As informações são de Mauro Azambuja Rondon, diretor da Agesul, órgão responsável pela reforma. A previsão, de acordo com ele, é de que estas interdições ocorram a partir de meados de fevereiro e serão necessárias para a aplicação e secagem do concreto em cinco pontos próximos a três dos 34 pilares da ponte. 

De acordo com ele, durante o que ele chama de “cura” do concreto não pode haver nenhum tipo de trepidação na pista, pois isso provocaria fissuras no concreto e impediria que ele aderisse corretamente à ferragem. 

Então, a única alternativa é interromper a passagem de veículos. “A gente ainda não sabe se isso vai acontecer, três, quatro ou cinco vezes. E cada interdição pode durar 24, 36 ou até 72 horas”, explica o diretor da Agesul ao mesmo tempo em que faz questão de reafirmar que não existe a menor possibilidade de a ponte colapsar. 

Quanto maior o período de interdição, melhor será a qualidade e a durabilidade do concreto que será aplicado próximo aos três pilares onde foi constatada a deterioração da pista, explica Azambuja. 

A empreiteira contratada para fazer os reparos, que receberá pouco mais de R$ 1,6 milhão, poderia até utilizar misturas químicas para acelerar a secagem, mas haveria o risco de o concreto não suportar o tráfego por muito tempo e depois seria necessário refazer tudo em alguns anos. 

O comando da Agesul garante que as interdições serão informadas com antecedência e ocorrerão em datas que prejudiquem o mínimo possível os usuários da rodovia. Atualmente, cerca de 700 veículos passam diariamente pela ponte, sendo metade disso somente de caminhões que transportam até 70 toneladas de minério de ferro por viagem. 

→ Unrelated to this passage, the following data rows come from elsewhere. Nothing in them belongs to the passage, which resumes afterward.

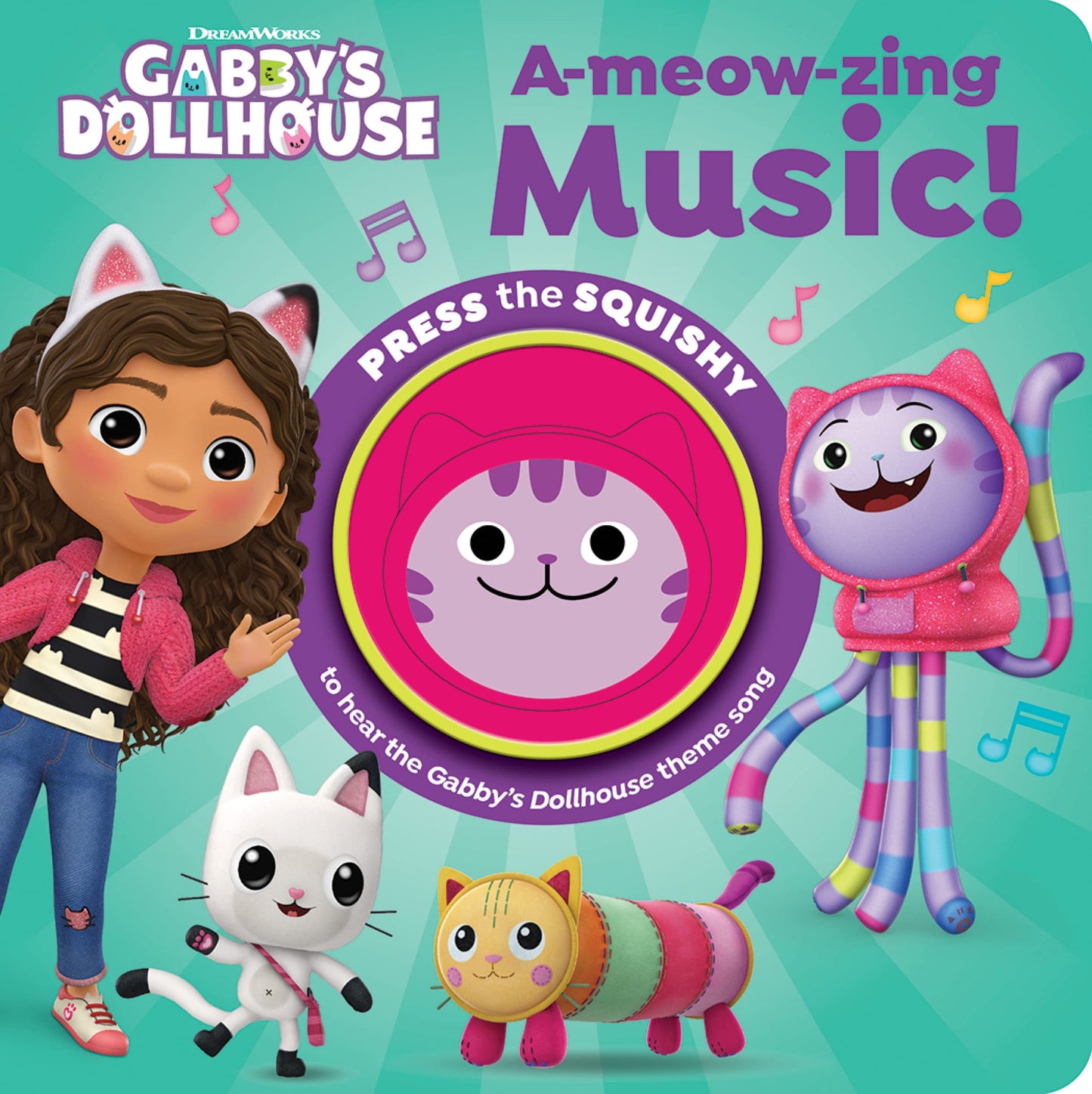 Gabby’s Dollhouse - A-meow-zing Music! Squishy Button Sound Book - Satisfying Tactile and Sensory Play - PI Kids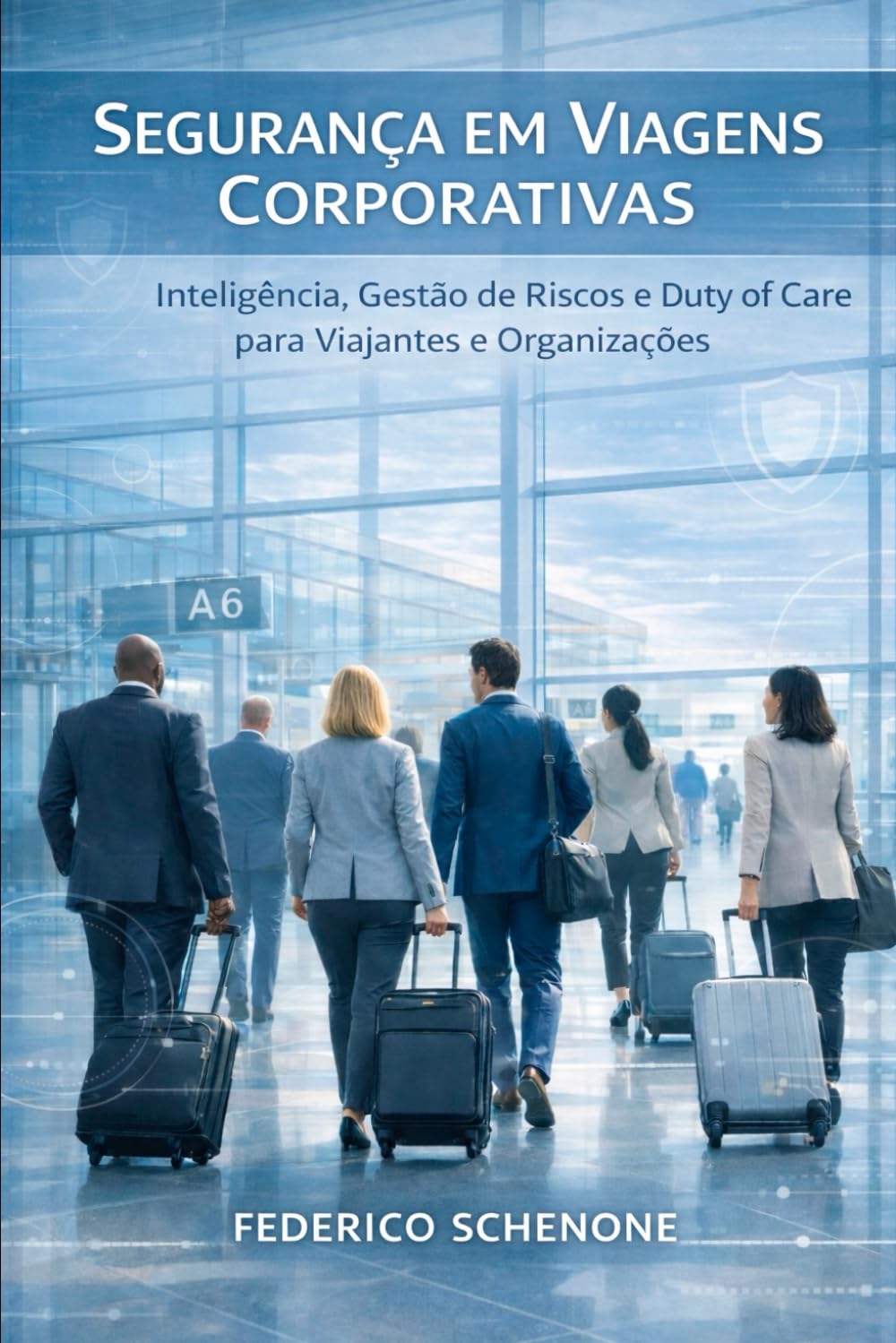 Segurança em viagens corporativas: Inteligência, gestão de riscos e dever de cuidado para viajantes e organizações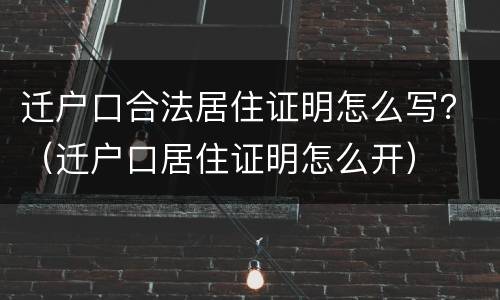 迁户口合法居住证明怎么写？（迁户口居住证明怎么开）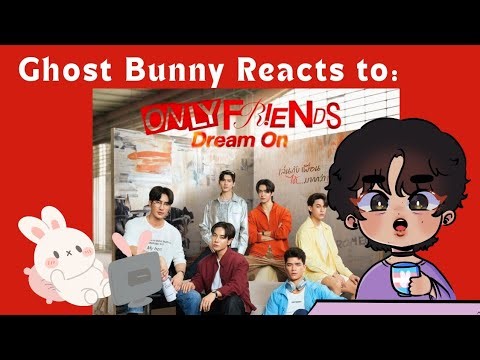 Ghost Bunny Reacts to: Only Friends Dream On Ep.1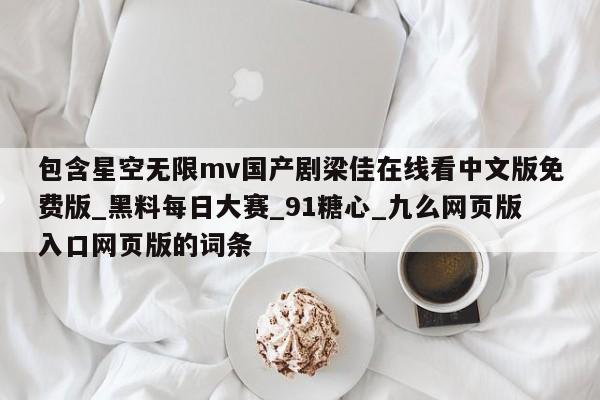 包含星空无限mv国产剧梁佳在线看中文版免费版_黑料每日大赛_91糖心_九么网页版入口网页版的词条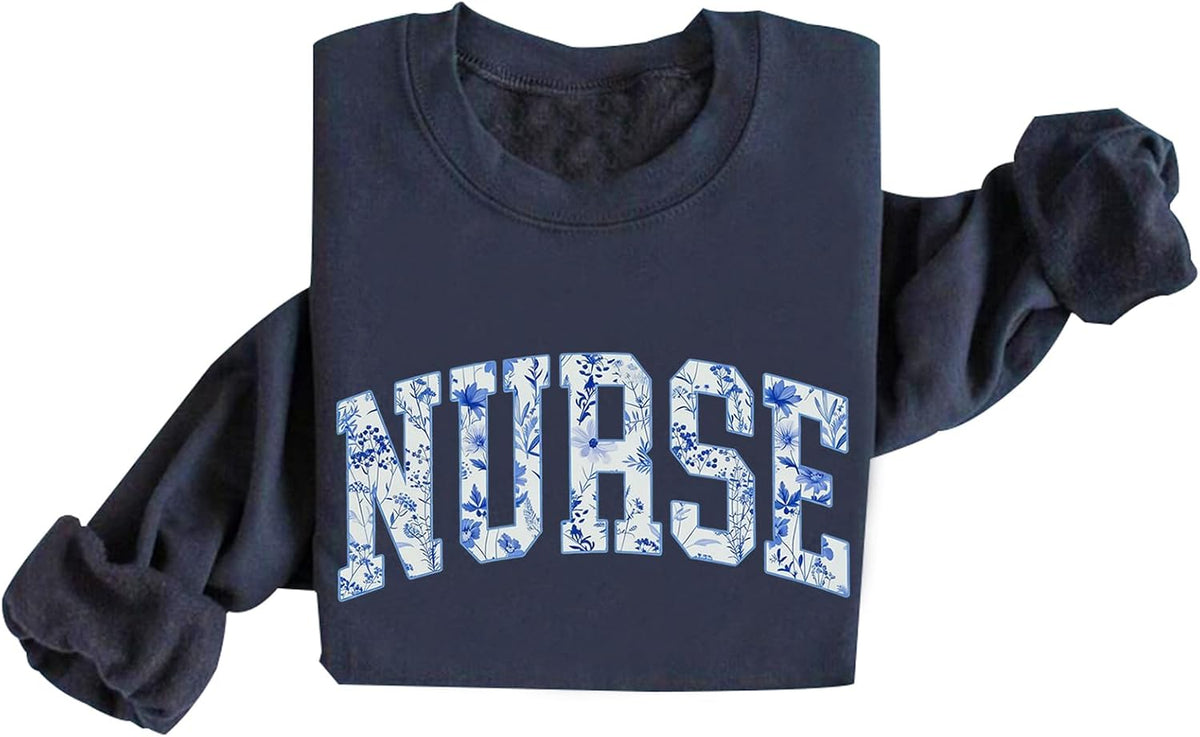 Floral Nurse Sweatshirt Funny Nurse Life Crewneck Sweatshirt Gift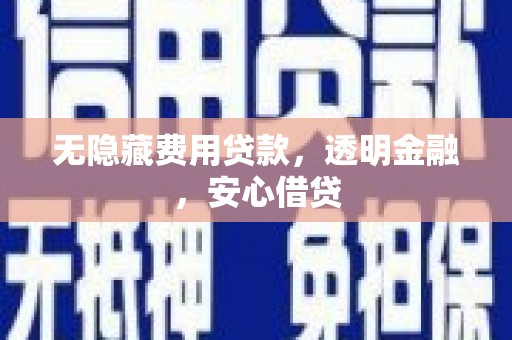 浦江无隐藏费用贷款，透明金融，安心借贷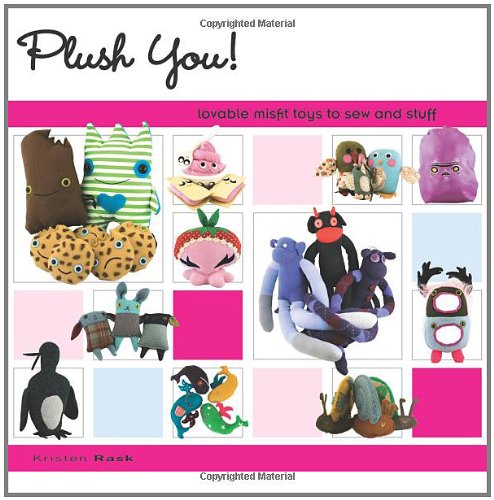 Plush You!: Lovable Misfit Toys to Sew and Stuff Hobbies & Crafts
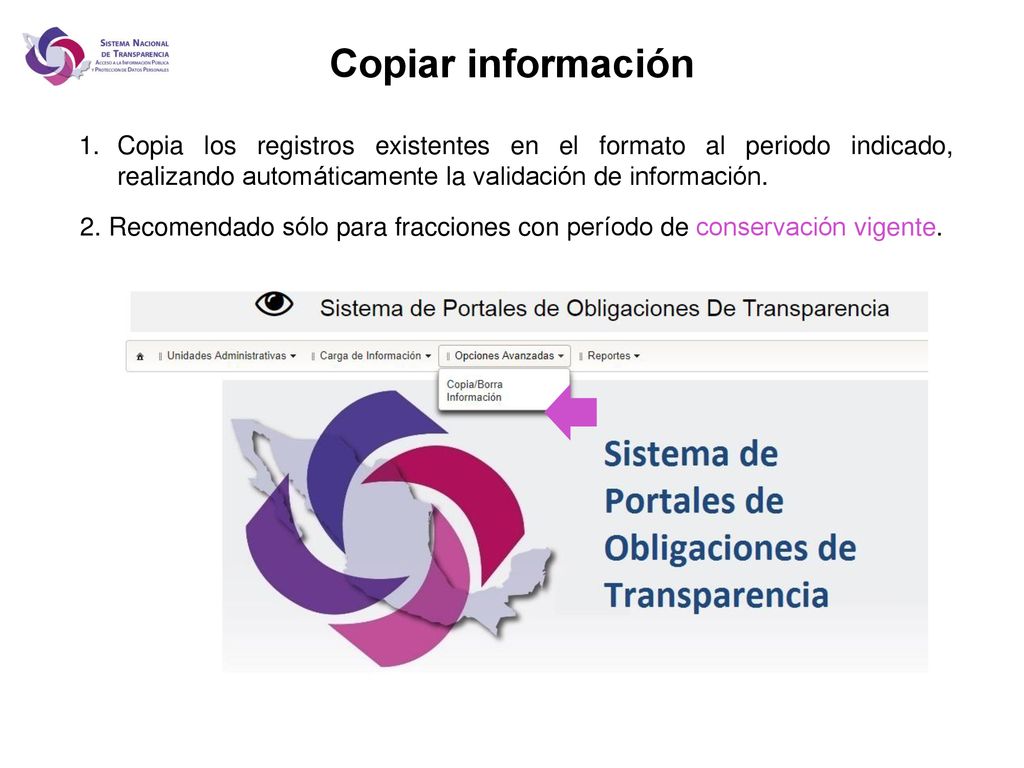 Copiar información Copia los registros existentes en el formato al periodo indicado, realizando automáticamente la validación de información.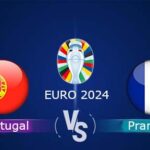 Prediksi Skor Portugal vs Prancis di perempat final Euro 2024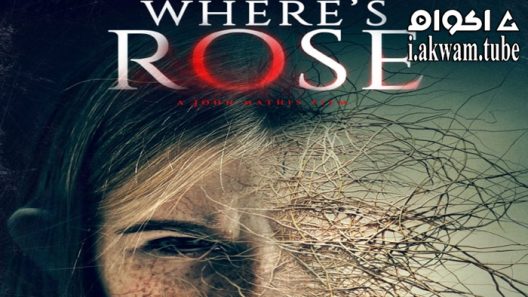 مشاهدة فيلم Where’s Rose 2021 مترجم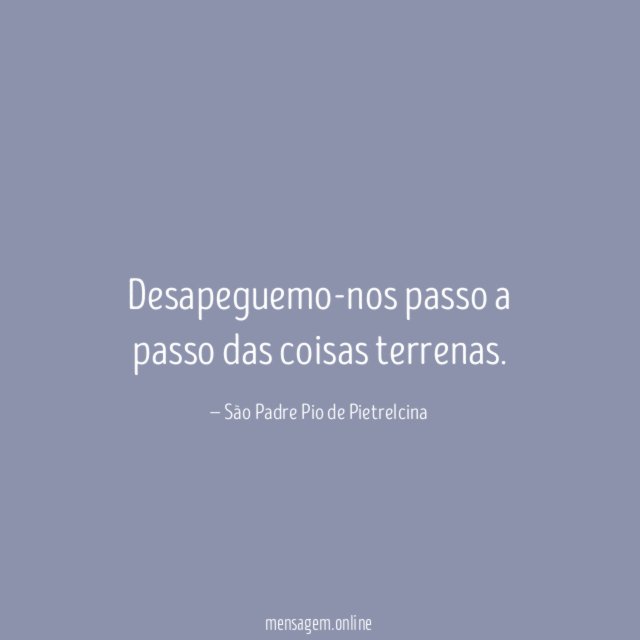 Desapeguemo-nos passo a passo das coisas terrenas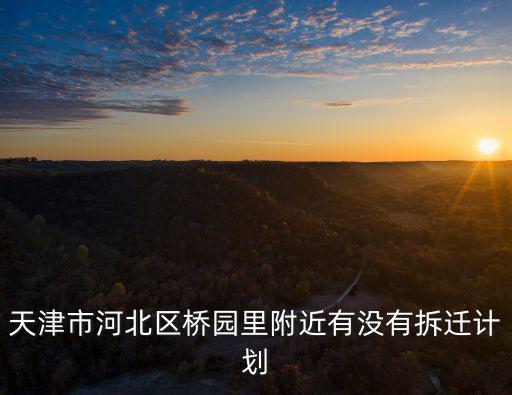 2020天津市河北區拆橋園里哪，天津市河北區橋園里附近有沒有拆遷計劃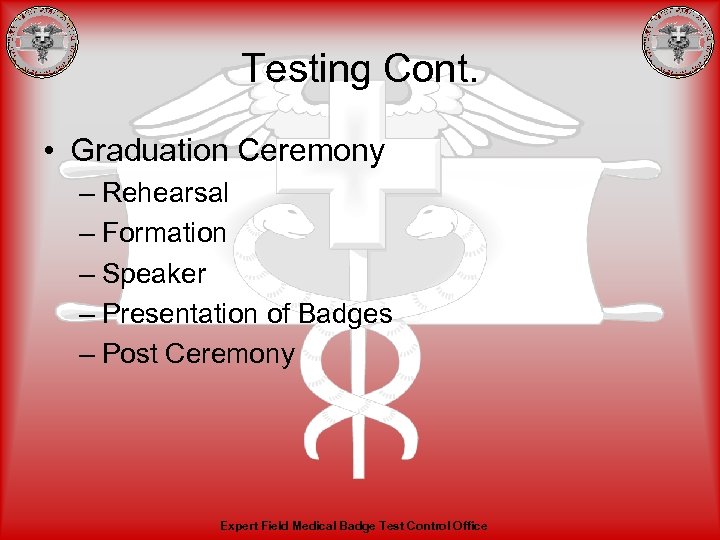 Testing Cont. • Graduation Ceremony – Rehearsal – Formation – Speaker – Presentation of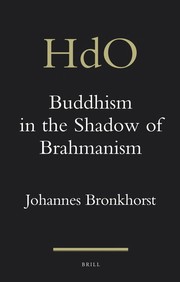Cover of: Buddhism in the Shadow of Brahmanism by Johannes Bronkhorst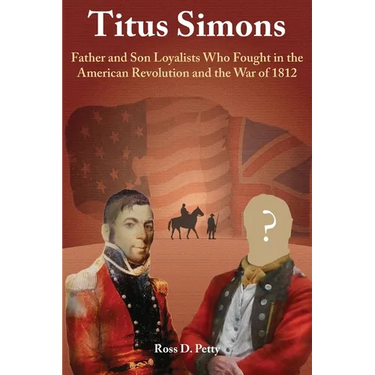 Titus Simons: Father and Son Loyalists Who Fought in the American Revolution and the War of 1812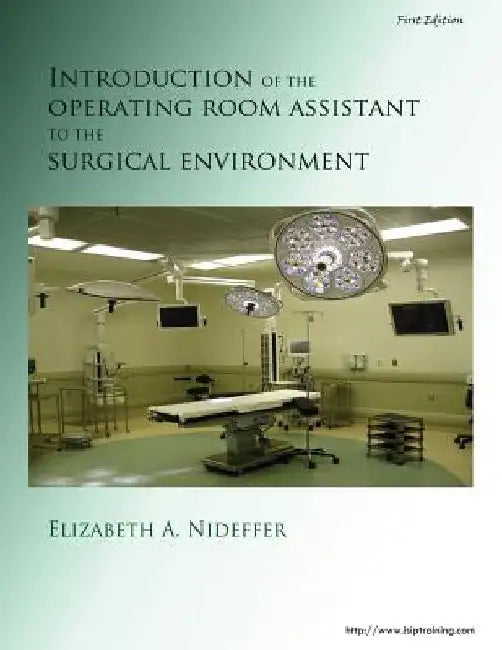 Introduction of the Operating Room Assistant to the Surgical Environment by James Allen Nideffer Bsn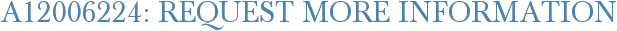 A12006224: Request More Information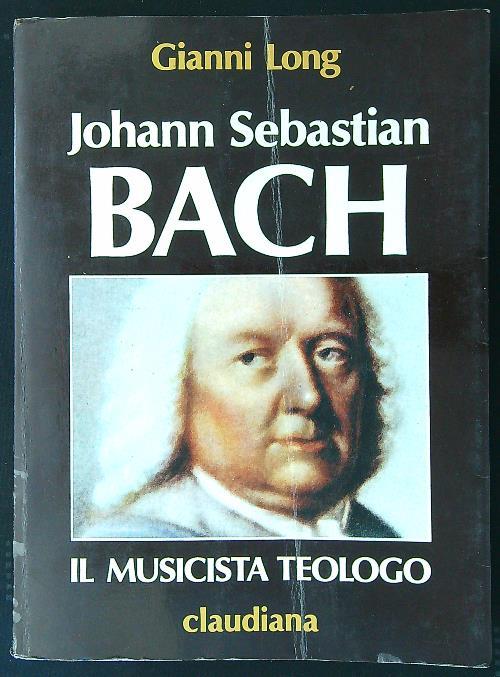 Johann Sebastian Bach. Il musicista teologo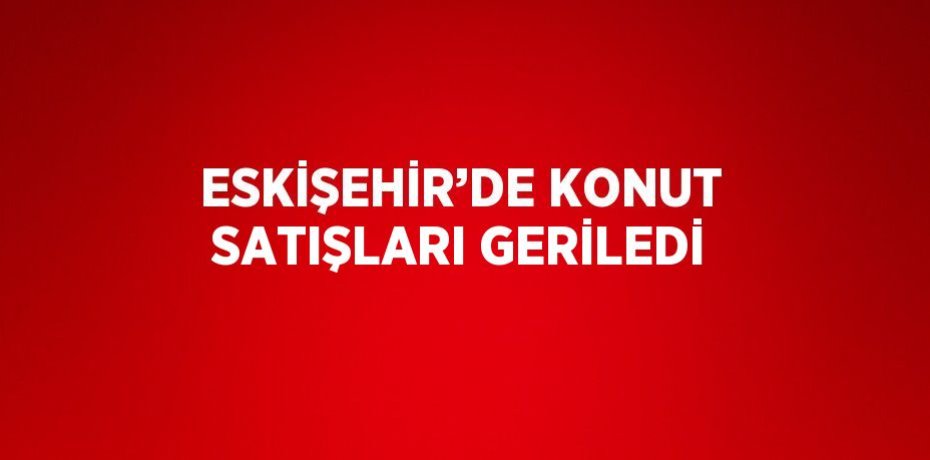 ESKİŞEHİR’DE KONUT SATIŞLARI GERİLEDİ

Até abril de 2001, quando não existia a ponte, a travessia sobre o Rio Paraguai era feita por balsas no chamado Porto Morrinho, mas Mauro Azambuja descarta a possibilidade de ser disponibilizada alguma embarcação durante estes períodos de interdição para fazer travessias emergenciais. Segundo ele, não existe mais estrutura de acesso às margens do rio para fazer esse improviso.

Alternativas

Então, a única alternativa para quem quiser ou precisar sair ou chegar a Corumbá e Ladário terá de utilizar a chamada Estrada Parque, um trecho de cerca de 120 quilômetros por rodovia sem asfalto, fazendo a travessia do Rio Paraguai pela balsa no Porto da Manga. Essa alternativa, porém, é inviável para os bi-trens que transportam minérios.

O Correio do Estado apurou que existe a possibilidade do uso temporário de balsas para transportar os veículos, ou mesmo de usar uma técnica que aumenta as filas, mas que possibilita a passagem de caminhões. 

O tráfego pela ponte está em meia pista desde 21 de março do ano passado. Mas os reparos emergenciais começaram somente em dezembro. E depois do início dos trabalhos, a Agesul instalou radas radares para evitar excesso de velocidade. 

Mais recentemente, contudo, a passagem passou a ser permitida somente em comboios, com um veículo da Agesul à frente para regular a velocidade e impedir ultrapassagens indevidas sobre a estrutura. Dependendo dos horários e do movimento, motoristas são obrigados a esperar até uma hora para fazer a travessia.

E, a mais recente medida de segurança começou na noite desta terça-feira (23), quando Dnit ativou uma balança na margem direita do Rio Paraguai  para evitar a passagem de veículos com excesso de peso. 

Mas, “tudo isso é para garantir a segurança das pessoas que estão trabalhando sobre a ponte e para garantir que aquilo que já foi feito não seja danificado”, destaca Mauro Azambuja para enfatizar que  elas não foram adotadas por causa de um suposto temor de que a ponte pudesse colapsar. 

Até setembro de 2022 havia cobrança de pedágio, de R$ 14,10 por veículo ou eixo de caminhão, pela passagem na ponte. Cerca de 13% do faturamento da empresa Porto Morrinho era destinado ao governo estadual e o restante era destinado aos custos operacionais e para manter a ponte em condições de uso. 

Nos últimos oito meses de cobrança, o pedágio rendeu, em média, R$ 2,6 milhões por mês. Mesmo assim, ela foi devolvida sem condições de tráfego.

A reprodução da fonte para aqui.